Dank der Maßnahmen der Sozialdienste ist laut einer Studie des Landesstatistikinstituts ASTAT die Anzahl der Familien, die in einer Situation von Armutsrisiko stehen, um 8,1 Prozentpunkte gesunken, und zwar von 24,7 auf 16,6 Prozent.

„Wir werden bei der Ausbildung der Fachkräfte an den Schrauben drehen müssen!“ Luca Critelli

Ist das Mindesteinkommen also die Lösung oder doch das staatliche Bürgereinkommen?

Der „reddito di cittadinanza“, also das staatliche Bürgereinkommen, soll es den Menschen ermöglichen, für das Nötigste aufzukommen, welches in Südtirol aber schon vom bisherigen sozialen Grundeinkommen des Landes geleistet wird. Auch ist das System des Mindesteinkommens des Landes, das aus den 70er-Jahren stammt, bedeutend einfacher in Bezug auf die zu beachtenden Regeln als das System rund um die staatliche Mindestsicherung. Außerdem gewährleistet das Mindesteinkommen des Landes eine bessere Unterstützung.

 

Welche Herausforderungen stehen dem Sozialwesen künftig bevor?

Allem voran heißt es nun, eine Strategie für ein System zu entwickeln, das wir zeitnah und flexibel an die Bedürfnisse des Momentes anpassen können.

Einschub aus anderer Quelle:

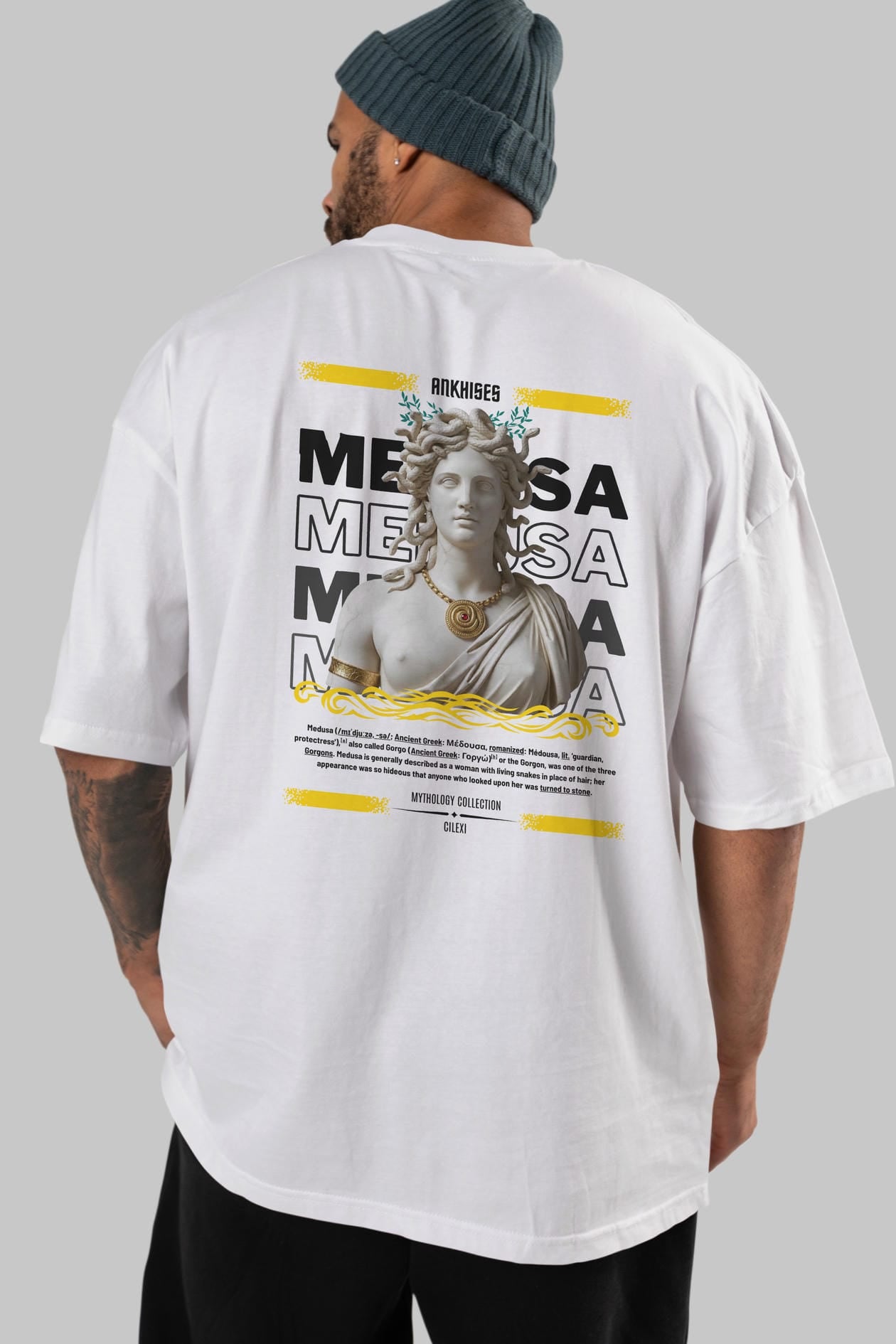 Medusa 3 Arka Baskılı Oversize t-shirt Erkek Kadın %100 Pamuk Bisiklet Yaka tişort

In allen Bereichen sollten wir die Art der Leistungen ausbauen. So könnten nämlich die Maßnahmen zielgerichteter und auch weniger kostenintensiv werden – im Gegensatz dazu, wie es aktuell der Fall ist. Sehr wichtig finde ich es, noch mehr auf die Vorbeugung eines Phänomens zu achten. Vor 30 Jahren etwa wurden die alten Menschen in ihren Familien, von einer Hauspflegekraft oder in den Altenheimen versorgt. Heute gibt es mehr Möglichkeiten: Sie reichen von den privaten Haushaltshilfen, den sogenannten Badanti, der Tagespflege, das begleitete und das betreute Wohnen, die Hauspflege bis hin zum Seniorenwohnheim.

Dasselbe gilt für die Betreuung von Menschen mit Beeinträchtigung: Auch hier gibt es heute mehr Optionen: Jenseits der Familie, des Heimes und der Behindertenwerkstätte sind behinderte Personen heute auch als Arbeitskräfte in Unternehmen integriert.

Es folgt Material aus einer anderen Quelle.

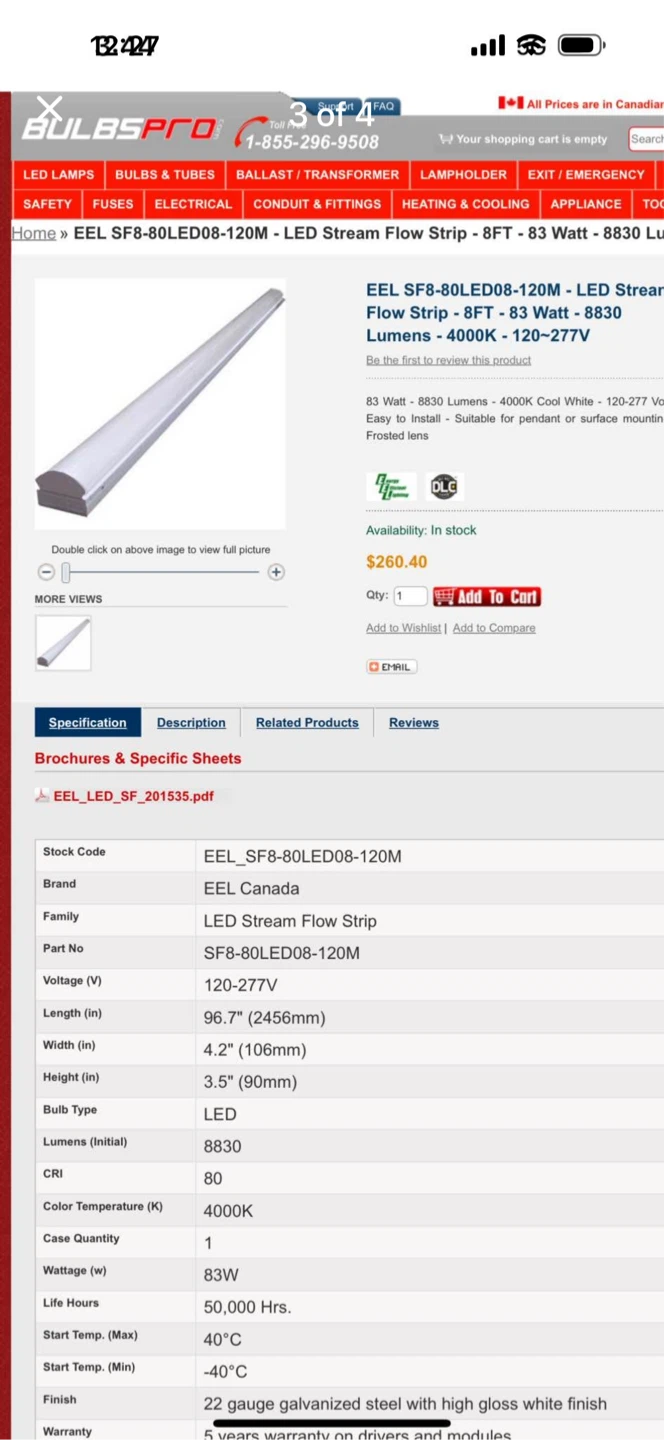 EEL Canada LED Stream Flow Strip Light - 8FT - photo 3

Eine weitere Herausforderung liegt in der Personalsuche. Heute ist es nicht nur in Bozen schwierig, Fachkräfte für die sozialen Dienste zu finden, auch in den Tälern Südtirols ist das zunehmend so. Hier stellt sich sicherlich auch die Frage der Entlohnung. Hinzu kommt, dass Nachbarländer wie die Schweiz und Deutschland mit uns im Wettbewerb um diese Fachkräfte stehen. Sicher: Wir holen unsererseits Mitarbeiter aus anderen Regionen nach Südtirol, haben aber dann das Problem, dass diese oft nicht zweisprachig sind.

Wir werden bei der Ausbildung der Fachkräfte an den Schrauben drehen müssen! Personen im Alter zwischen 30 und 40 Jahren, die es nach einer Reihe von Berufserfahrungen in Erwägung ziehen, in die Welt der Pflege und Betreuung zu wechseln – das ist die Zielgruppe, die wir im Auge haben. Auch sollten wir dafür sorgen, dass es für Frauen mehr diesbezügliche Arbeitsmöglichkeiten in der Nähe des jeweiligen Wohnsitzes gibt, damit sie leichter einer Tätigkeit im Sozialwesen nachgehen können. Schließlich sind sie es, die hier 85 Prozent der Beschäftigten ausmachen.